Personal information
- Native name: Юрій Олександрович Кримаренко
- Full name: Yuriy Oleksandrovych Krymarenko
- Born: 11 August 1983 (age 42) Berdychiv, Zhytomyr Oblast, Ukrainian SSR, Soviet Union

Medal record
Representing Ukraine
Men's athletics
World Championships
| Gold medal – first place | 2005 Helsinki | High jump |
Military World Games
| Gold medal – first place | 2003 Catania | High jump |
| Silver medal – second place | 2011 Rio de Janeiro | High jump |
European Team Championships
| Gold medal – first place | 2009 Leiria | High jump |
European U23 Championships
| Bronze medal – third place | 2005 Erfurt | High jump |

= Yuriy Krymarenko =

Ukrainian high jumper

Yuriy Oleksandrovych Krymarenko (Юрій Олександрович Кримаренко; born August 11, 1983) is a Ukrainian high jumper.
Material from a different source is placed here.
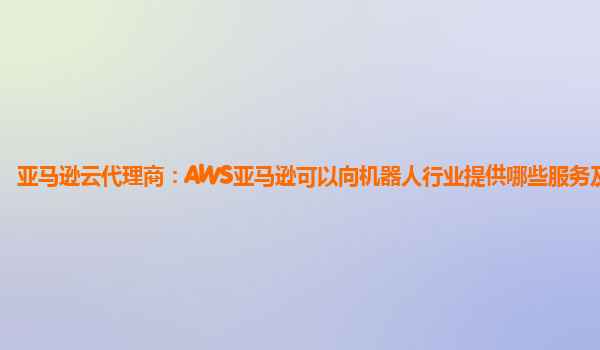 亚马逊云代理商：AWS亚马逊可以向机器人行业提供哪些服务及赋能？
His personal best performance is 2.33 m.

==Career==
Krymarenko won a gold medal in the 2005 World Championships in Athletics, clearing the height of 2.32 m which was the lowest winning result for men's high jump since 1983. The favorites of the contest, most notably Swede Stefan Holm, failed to jump over more than 2.29 m. Krymarenko had started the 2005 season with a silver medal in the European Under 23 Championships in Erfurt, Germany, where he was beaten by the Czech Republic's Jaroslav Bába.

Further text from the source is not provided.